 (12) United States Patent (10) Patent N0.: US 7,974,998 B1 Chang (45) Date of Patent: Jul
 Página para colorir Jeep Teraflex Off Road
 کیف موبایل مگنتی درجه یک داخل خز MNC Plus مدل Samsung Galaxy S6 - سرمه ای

--

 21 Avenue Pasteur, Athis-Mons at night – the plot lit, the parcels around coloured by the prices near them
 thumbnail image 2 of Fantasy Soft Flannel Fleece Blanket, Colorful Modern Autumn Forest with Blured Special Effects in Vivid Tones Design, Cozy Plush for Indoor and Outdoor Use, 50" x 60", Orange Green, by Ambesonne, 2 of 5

→ **HOW TO COMPLETE THIS TASK**
Produce only the lines from the line containing "Página para colorir Jeep Teraflex Off Road" through the line containing "کیف موبایل مگنتی", inclusive of both, exactly as they stand in the entries above.

→ **YOUR RESPONSE**
 Página para colorir Jeep Teraflex Off Road
 کیف موبایل مگنتی درجه یک داخل خز MNC Plus مدل Samsung Galaxy S6 - سرمه ای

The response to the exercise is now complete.